Opinion Article - Research and Reports in Pulmonology (2025) Volume 6, Issue 1
Idiopathic Pulmonary Fibrosis: Pathophysiology, Diagnosis, and Novel Therapeutic Approaches
Priya Anderson *
Department of Pulmonary Medicine, All India Institute of Medical Sciences, India
- *Corresponding Author:
- Priya Anderson
Department of Pulmonary Medicine, All India Institute of Medical Sciences, India
E-mail: priya.a@pulmonology.aiimsindia.org
Received: 1-Jan-2025, Manuscript No. aarrp-25-168838; Editor assigned: 4-Jan-2025, PreQC No. aarrp-25-168838 (PQ) Reviewed:18-Jan-2025, QC No. aarrp-25-168838 Revised:25-Jan-2025, Manuscript No. aarrp-25-168838; Published:30-Jan-2025, DOI: 10.35841/ aarrp - 6.1.172
Citation: Anderson P. Idiopathic pulmonary fibrosis: Pathophysiology, diagnosis, and novel therapeutic approaches.
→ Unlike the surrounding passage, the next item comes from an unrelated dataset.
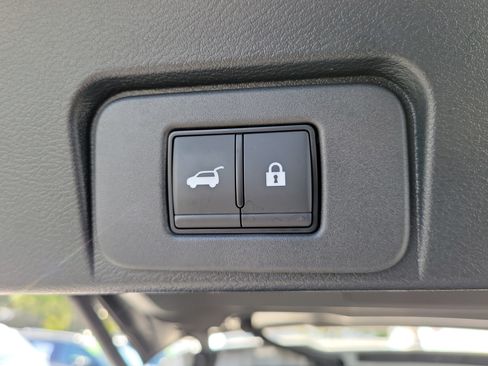 Certified 2025 Nissan Rogue SL FWD image 10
Res Rep Pulmonol. 2025;6(1):172
Introduction
Idiopathic Pulmonary Fibrosis is a rare but serious disease that falls under the category of interstitial lung diseases (ILDs). It predominantly affects men over the age of 60 and has a median survival of just 3 to 5 years following diagnosis. The insidious onset and overlapping symptoms with other respiratory conditions make IPF challenging to diagnose early. However, timely identification and intervention are crucial to managing symptoms and preserving lung function [1].
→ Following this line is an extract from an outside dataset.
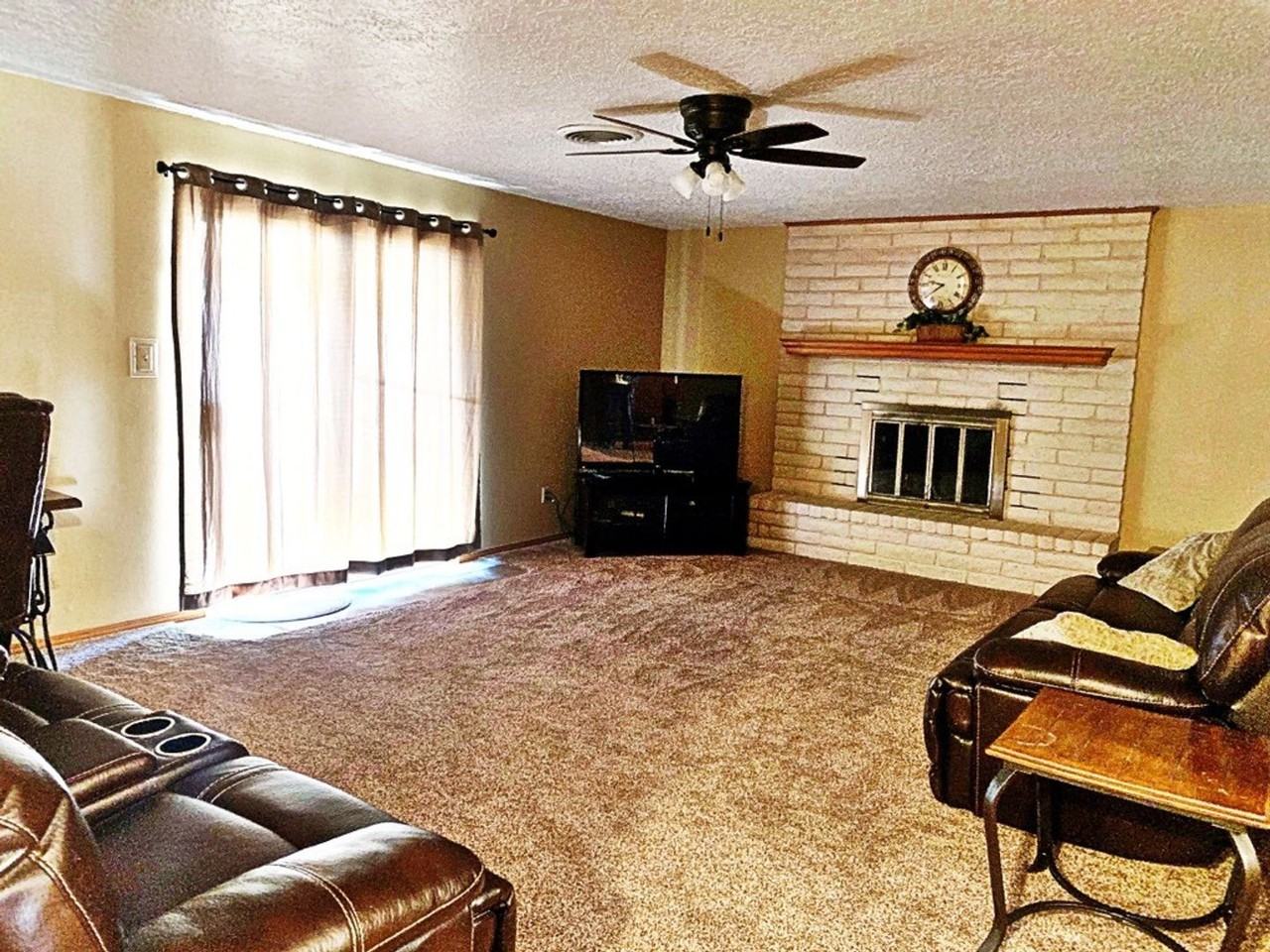 2307 W Bullock Ave - Photo 2 of 28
Unlike classical inflammatory diseases, IPF is thought to result primarily from repetitive alveolar epithelial injury, followed by an abnormal wound healing response. Fibroblasts and myofibroblasts proliferate and deposit excessive extracellular matrix components, such as collagen, leading to scarring of the lung tissue. This fibrotic remodeling distorts the lung architecture and impairs gas exchange. Genetic predispositions, such as mutations in the TERT, TERC, or MUC5B genes, and environmental exposures like smoking and occupational dust, contribute to disease development [2].
Patients with IPF typically present with progressive dyspnea on exertion and a persistent dry cough. On physical examination, "Velcro-like" crackles can be heard on auscultation, particularly at the lung bases. Digital clubbing is also seen in a significant proportion of cases. These symptoms progress over months or years, eventually leading to respiratory failure [3].
Diagnosing IPF involves excluding other causes of interstitial lung disease and integrating clinical, radiologic, and sometimes histopathological data. High-resolution computed tomography (HRCT) is the cornerstone of diagnosis and often reveals a usual interstitial pneumonia (UIP) pattern—marked by reticular opacities, honeycombing, and subpleural distribution. In uncertain cases, surgical lung biopsy may be needed, although less invasive techniques like transbronchial cryobiopsy are gaining popularity [4].
Recent research into IPF biomarkers, such as KL-6, surfactant proteins A and D, and matrix metalloproteinases, has opened doors to better disease monitoring and prognosis. Genetic testing, particularly in familial cases of pulmonary fibrosis, may help identify at-risk individuals and guide early surveillance strategies [5].
Conclusion
Idiopathic Pulmonary Fibrosis represents a complex interplay of genetic, environmental, and cellular factors leading to progressive lung scarring. Early and accurate diagnosis is key to initiating timely treatment with antifibrotics and supportive care. Advances in our understanding of the molecular mechanisms behind fibrosis have paved the way for promising therapies that may change the course of the disease. Continued research and interdisciplinary collaboration will be essential in the quest for a cure.